### THE TASK
Write the records out again without change. Leave the pictures behind.

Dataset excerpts
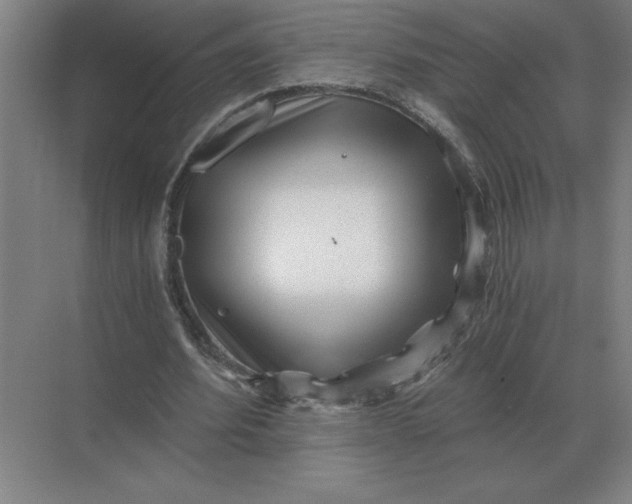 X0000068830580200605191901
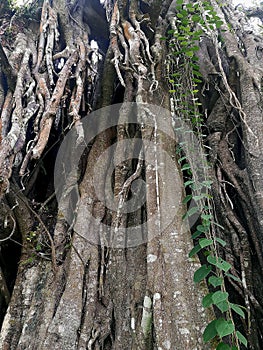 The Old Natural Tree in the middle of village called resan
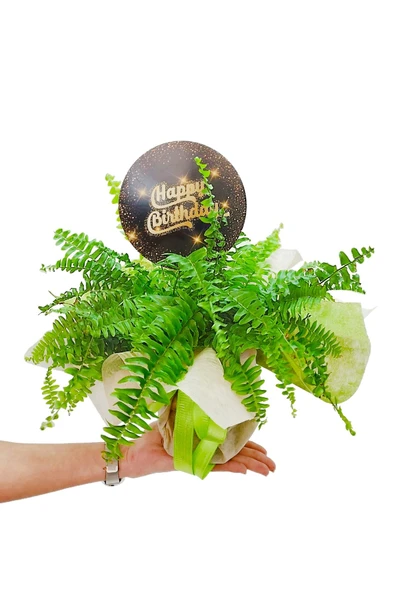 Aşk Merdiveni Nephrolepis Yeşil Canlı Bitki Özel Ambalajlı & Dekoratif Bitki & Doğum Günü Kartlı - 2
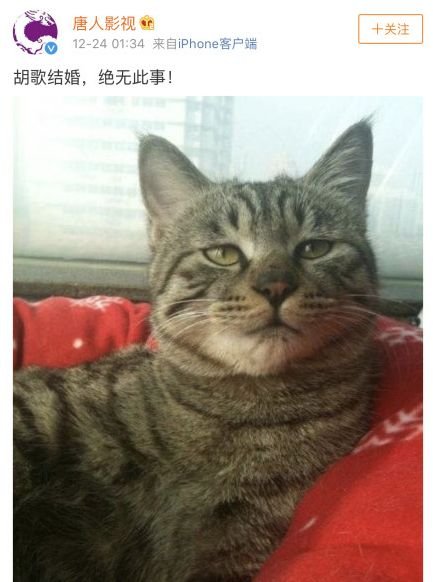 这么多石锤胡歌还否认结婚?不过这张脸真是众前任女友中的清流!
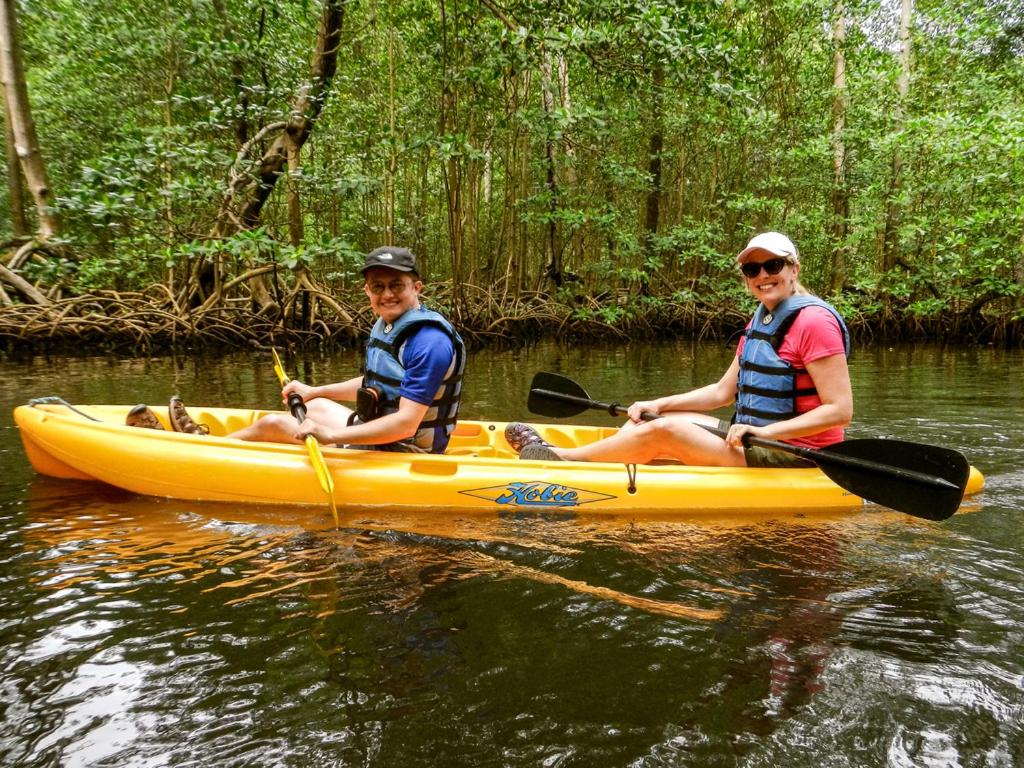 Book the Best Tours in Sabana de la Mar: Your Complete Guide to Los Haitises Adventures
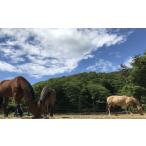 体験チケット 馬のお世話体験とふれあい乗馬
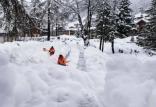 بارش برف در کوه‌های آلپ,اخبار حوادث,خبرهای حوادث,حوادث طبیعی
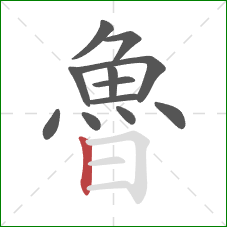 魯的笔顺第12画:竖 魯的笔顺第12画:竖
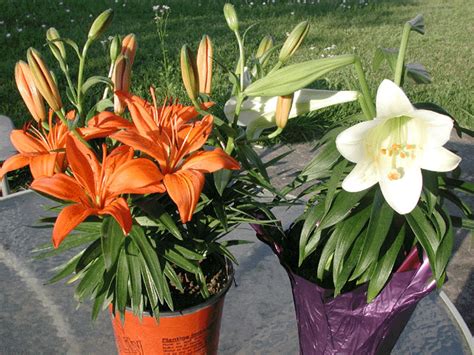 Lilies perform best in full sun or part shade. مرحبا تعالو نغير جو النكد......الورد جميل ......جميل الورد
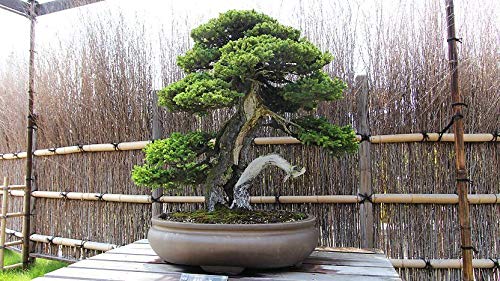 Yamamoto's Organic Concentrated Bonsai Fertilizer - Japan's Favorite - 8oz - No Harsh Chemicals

### EXERCISE RESPONSE
 X0000068830580200605191901
 The Old Natural Tree in the middle of village called resan
 Aşk Merdiveni Nephrolepis Yeşil Canlı Bitki Özel Ambalajlı & Dekoratif Bitki & Doğum Günü Kartlı - 2
 这么多石锤胡歌还否认结婚?不过这张脸真是众前任女友中的清流!
 Book the Best Tours in Sabana de la Mar: Your Complete Guide to Los Haitises Adventures
 体験チケット 馬のお世話体験とふれあい乗馬
 بارش برف در کوه‌های آلپ,اخبار حوادث,خبرهای حوادث,حوادث طبیعی
 魯的笔顺第12画:竖 魯的笔顺第12画:竖
 Lilies perform best in full sun or part shade. مرحبا تعالو نغير جو النكد......الورد جميل ......جميل الورد
 Yamamoto's Organic Concentrated Bonsai Fertilizer - Japan's Favorite - 8oz - No Harsh Chemicals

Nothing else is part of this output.